══ DATA RECORDS ══

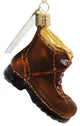 Old World Christmas Hiking Boot Glass Outdoor Explore Ornament 32092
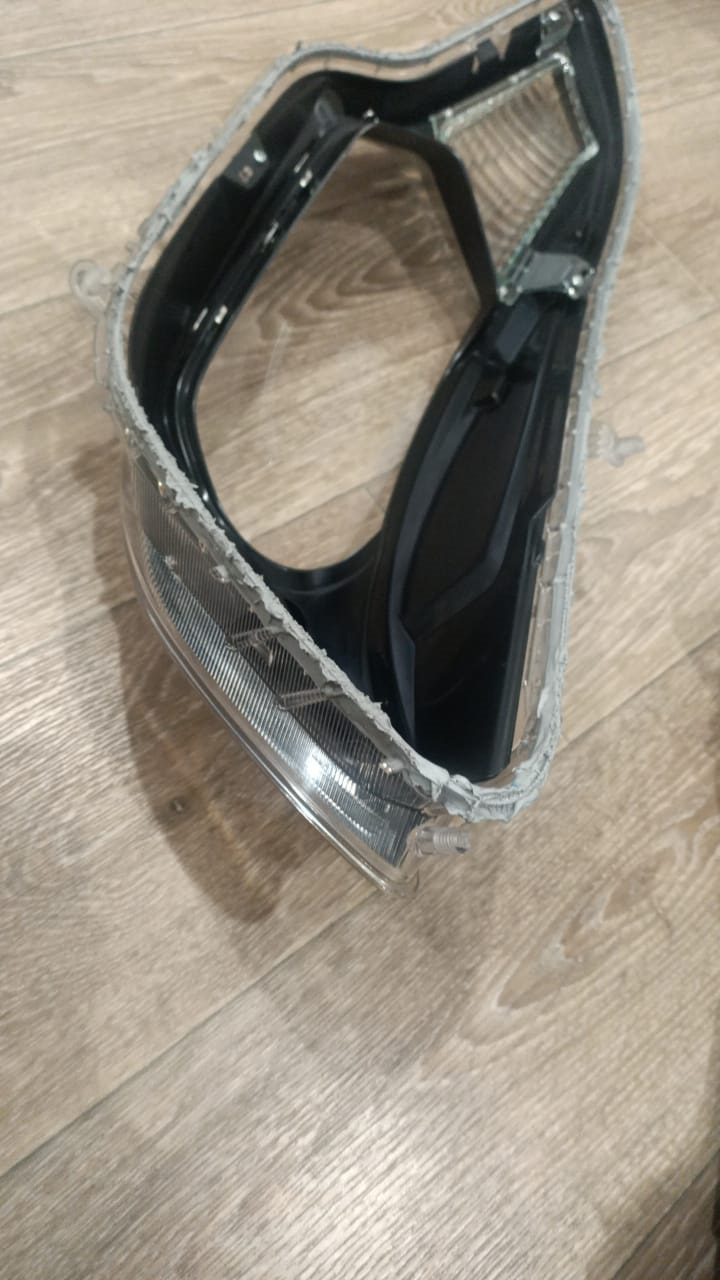 Замена галогеновых ламп на Bi-led линзы в фарах Honda Fit GK3/GK4 ...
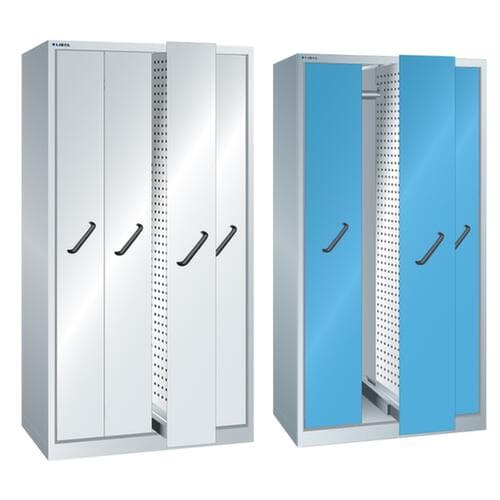 LISTA Armoire avec extensions verticales avec plaques perforées
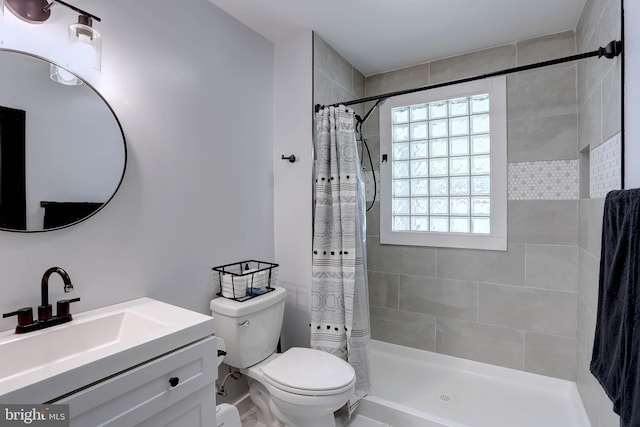 3530 Baker Rd, Westminster, MD 21157 - full bathroom featuring toilet, vanity, and tiled shower
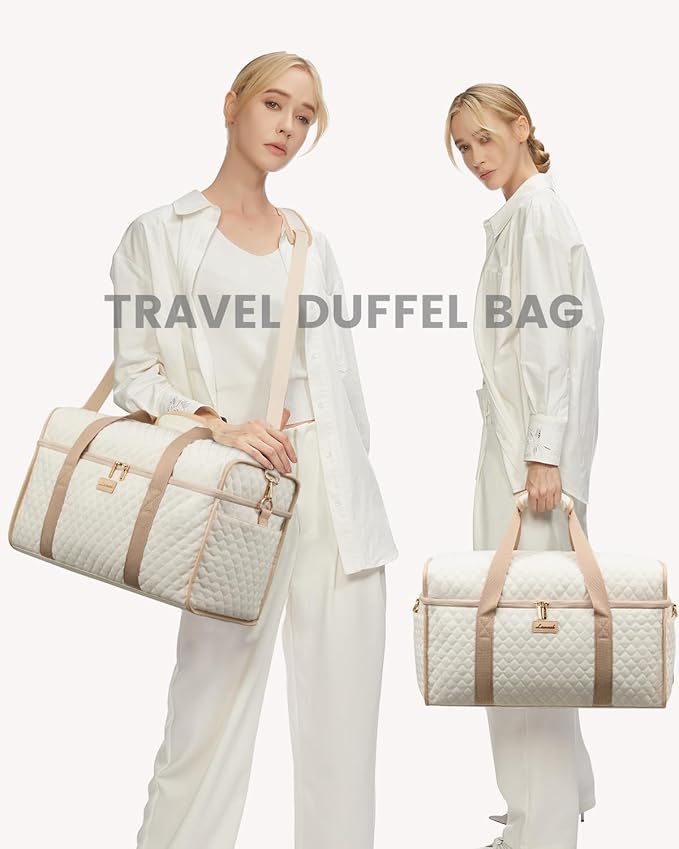 LOVEVOOK Travel Duffle Bag - Weekender & Overnight Bag with Toiletry & Wet Pocket, Carry-On Size, 3pc Set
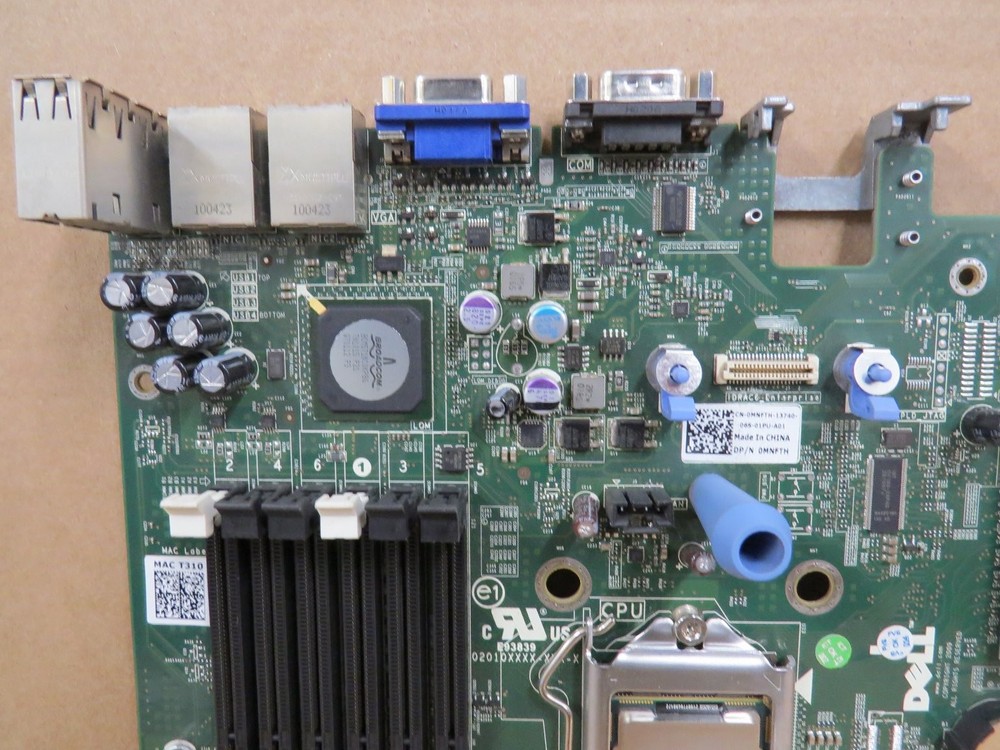 Dell 0MNFTH Poweredge Server Motherboard Intel Xeon X3440 CPU Combo TESTED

═══

*INSTRUCTIONS FOR THE TASK*. An exact repetition of all the records above is required, excluding the pictures.

*RESPONSE AREA*.
 Old World Christmas Hiking Boot Glass Outdoor Explore Ornament 32092
 Замена галогеновых ламп на Bi-led линзы в фарах Honda Fit GK3/GK4 ...
 LISTA Armoire avec extensions verticales avec plaques perforées
 3530 Baker Rd, Westminster, MD 21157 - full bathroom featuring toilet, vanity, and tiled shower
 LOVEVOOK Travel Duffle Bag - Weekender & Overnight Bag with Toiletry & Wet Pocket, Carry-On Size, 3pc Set
 Dell 0MNFTH Poweredge Server Motherboard Intel Xeon X3440 CPU Combo TESTED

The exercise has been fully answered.